Texan Space Yokel Chiming In
The big problem that the Shuttle had in the 1970's was it's a system in search of a purpose, instead of having a purpose everyone in DC would support.
Lobbing sats into orbit you could do much cheaper with a Delta or Ariane, chucking people up into orbit was doable with other systems, where it shone was repairing satellites and ferrying crews to/from the ISS but it was the 90's and 00's 25 yrs+ after they drew up the plans for it.
The hope was that once the first-generation Shuttles proved their worth, next-generation Shuttles would be less costly to buy, operate and maintain, bringing the cost-per-mission down to competitive rates with disposable launch systems.
An article referenced earlier about the changes in NASA also discuss the problems NASA had with the paradigm they wanted to push for space travel.

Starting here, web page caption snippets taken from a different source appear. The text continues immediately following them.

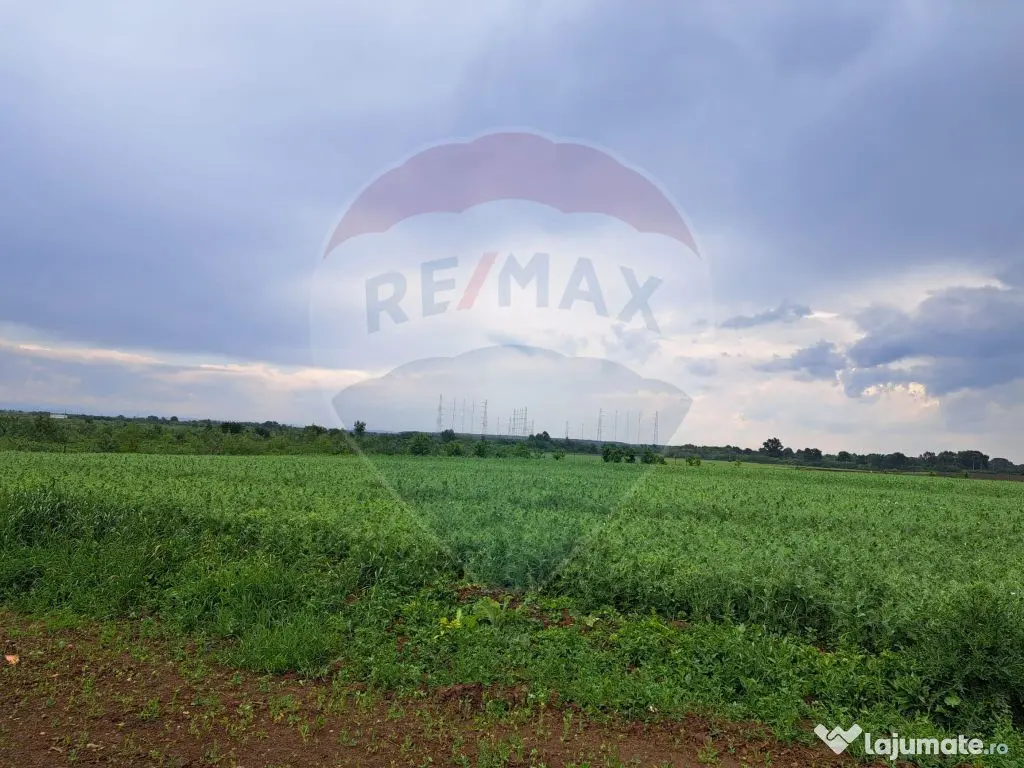 Teren Ciolpani 15.000 mp oportunitate posibilitate lotiza... 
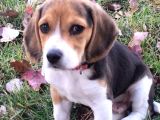 Beagle Yavrularimiz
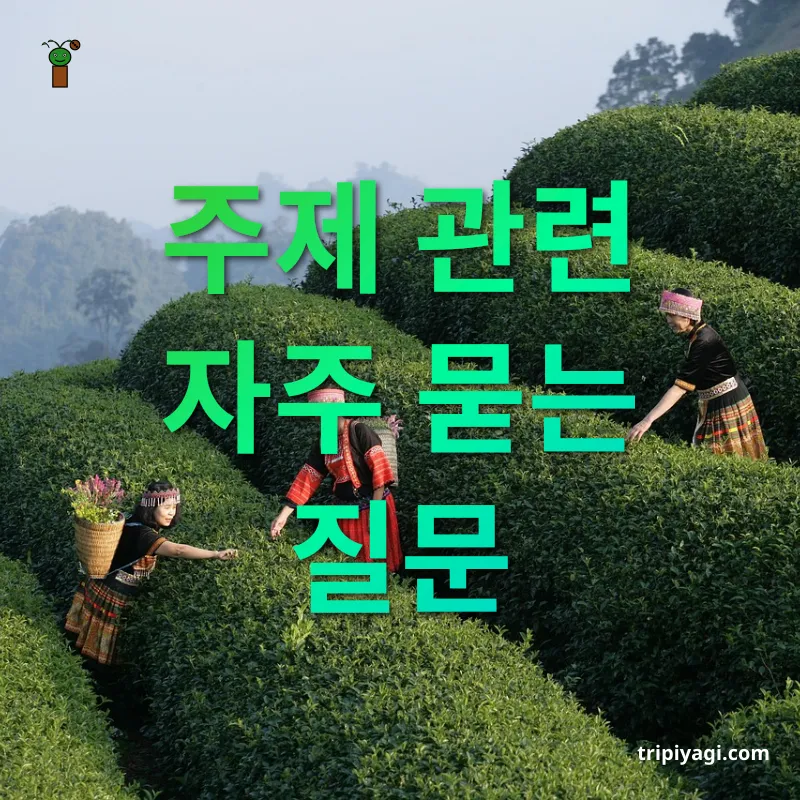 한복 체험 주제 관련 자주 묻는 질문 관련 이미지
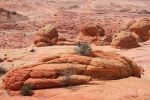 20060621_0513.jpg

America had gone from a nation that traveled by railroad up through WW 2 to one that traveled by car and jet aircraft in twenty years, because we built the Interstate Highway system and jet technology made air travel incredibly cheap compared to before WW2.

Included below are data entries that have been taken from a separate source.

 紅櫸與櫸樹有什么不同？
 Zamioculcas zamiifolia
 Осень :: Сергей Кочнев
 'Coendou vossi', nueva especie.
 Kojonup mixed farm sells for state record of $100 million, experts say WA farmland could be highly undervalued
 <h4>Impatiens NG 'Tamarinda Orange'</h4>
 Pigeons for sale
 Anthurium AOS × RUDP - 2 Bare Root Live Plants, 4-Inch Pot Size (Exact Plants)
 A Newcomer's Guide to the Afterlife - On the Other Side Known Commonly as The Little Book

There was almost a blind faith that government subsidies, technical know-how and commercial enterprise would yield as impressive results in space travel once they got the kinks worked out as they did with the above transport systems from 1945-1965.
The problem was that politically there was a tremendous loss of will and a rather empty pocketbook after 1973, which nobody seemed willing to deal with until Ray Gun Ronnie decided SDI sounded like a great idea in the 1980's. Then all of a sudden, we had a reason to ferry people and satellites into orbit a lot more often and a more open pocketbook to make more Shuttles and fund the support network.
Then the Soviets inconveniently collapsed, and we found ourselves with all these resources needing a new assignment.
My point is that you have to butterfly away several key issues IOTL for a better Shuttle.
One, make NASA a national priority executing a long-range plan to explore and exploit near-earth resources for the benefit of mankind. IMNSHO, the military's input had a lot of distorting effects both on mission and perception.
Two, make NASA a bit like Japan's MITI in collaborating with American and friendly nations' companies to find and pursue opportunities in space. The more civilian involvement/feedback, the more pressure on the Pres and Congress to spur things along. The more competition America has in getting into space and exploiting it, the better for how quickly and effectively we do so.
Three, don't ask the Shuttle to do it all as the first-generation reusable spacecraft. Always think about the next-generation spacecraft to do specific aspects cheaper and better. Corporations would do that themselves, once they had interests making them money and wanted to cut bottlenecks and excessive overhead, but government bridging the gap would take a bit.
Fourth, William Proxmire and other NASA critics in the 70's would have to be convinced that the national and humanity's long-term interests would be better served by NASA than some pork-barrel project.
Solve those problems, and the Shuttle would be the least of your issues.
I'm not saying we'd be living in a jetpack future if we did with a Hilton space hotel and a Pan Am shuttle getting us there, asteroid and lunar mining with manned missions to Titan , Europa, and so forth, but we'd be a lot further on the way to making those happen.